Dans toutes les sociétés et de tout temps, on a voué une vénération particulière aux entrepreneurs qui réussissent. Porteur de changements bénéfiques, les entrepreneurs à succès sont perçus comme des conquérants repoussant plus loin le champ du possible… Christophe Colomb ambitionnait de trouver une nouvelle voie maritime plus sécurisée vers l’Inde, Henry Ford voulait permettre à chaque américain de s’offrir une voiture, et Steve Jobs rêvait d’offrir à tous un accès libre et instantané à l’information… Le parcours de chacun d’eux n’a pas été un long fleuve tranquille. Le succès rencontré ne doit pas cacher les épreuves endurées.

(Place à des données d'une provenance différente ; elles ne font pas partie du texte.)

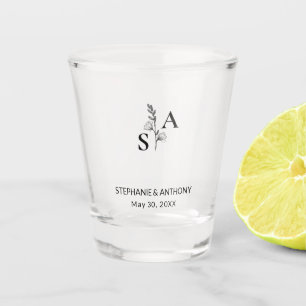 Minimalist BW Monogram Wildflower Wedding Shot Glass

En effet, pour réussir, il faut d’abord peiner à entreprendre. Réunir des moyens et des ressources pour réaliser son rêve n’est pas une mince affaire. Travailler dur pour atteindre les objectifs escomptés ne suffit pas toujours. Pour tenir le cap contre vents et marées, il faut de l’acharnement et une détermination guidée par le sens qu’on donne à sa mission…à sa vie. Ce n’est pas un hasard que toute stratégie d’entreprise repose sur le triptyque Mission, Vision et …Valeurs. La tâche est d’autant plus difficile que l’entrepreneur doit satisfaire, en plus de lui-même, plusieurs parties prenantes ; les clients, les actionnaires ou financiers, les employés et la Cité. Il est évident que l’échelle de priorité dans la satisfaction des parties prenantes évolue fonction du temps et selon la maturité de l’entreprise.

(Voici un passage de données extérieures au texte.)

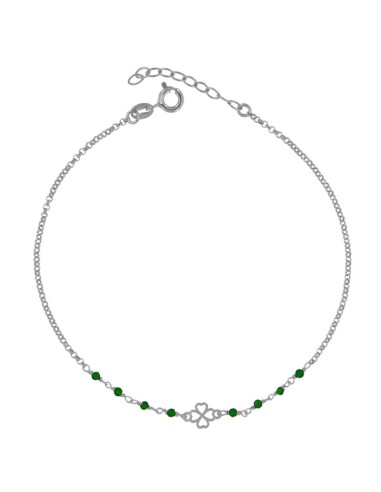 TO-162 - TOBILLERA DE PLATA CON MOTIVO DE TRÉBOL Y PIEDRA VERDE DE 22 CM + ALARGADOR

Il apparaît donc utile d’analyser le parcours entreprenarial, pour adapter le cas échéant notre perception ou le traitement qu’on devrait réserver aux entrepreneurs sur leur chemin de croix. Sans que cela ne soit exclusif, trois grandes phases se distinguent dans la plupart des parcours, et qui sont résumées ci-après.

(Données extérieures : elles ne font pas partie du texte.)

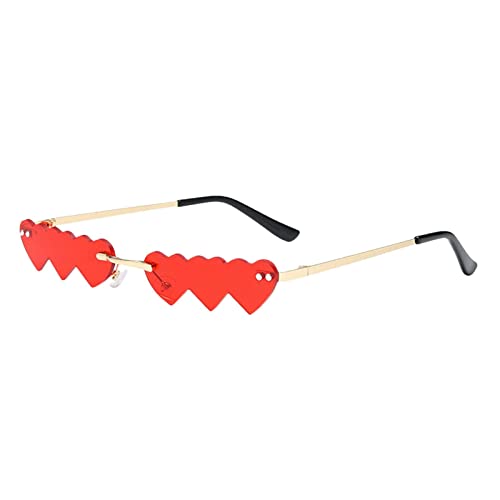 ADERN Sonnenbrille in Herzform | Rote Herzbrille | Unregelmäßige lustige Sonnenbrillen, Valentinsbrillen, Sonnenbrillen für Bars, Partys, Sommerveranstaltungen, Retro-Kostüme von ADERN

La première phase « pre-acting » correspond à une étape conceptuelle de mise en perspective de l’objet de l’entreprise et la modélisation des risques par le futur entrepreneur. C’est un exercice vital pour la transformation d’idées en projets. Durant cette phase, se déroule un processus par lequel le futur entrepreneur, seul ou à plusieurs, prend conscience que le fait d’entreprendre constitue une option ou une solution viable ; on prépare son projet, et on se projette dans le futur…le mobile se trouve essentiellement dans l’ambition personnelle qui nourrit l’entrepreneur et dans sa volonté d’aller jusqu’au bout du rêve.
La phase « acting » correspond à la mise en partage d’un certain nombre de fonctions qu’on a du mal à exercer seul, c’est la dimension collective de l’entreprenariat ou la confrontation directe de l’intelligence individuelle à celle collective. Cette phase marque le passage du projet à l’entreprise. Durant cette phase, l’entrepreneur se doit non seulement de passer à l’acte, mais aussi d’offrir du travail à d’autres et à collaborer avec des partenaires externes (client, fournisseurs, administration,…). Notons que dans cette étape, toute la richesse de l’entreprise est mobilisée pour la croissance, voire la survie de l’entreprise, dont elle-même dépend bien souvent la survie de son entrepreneur.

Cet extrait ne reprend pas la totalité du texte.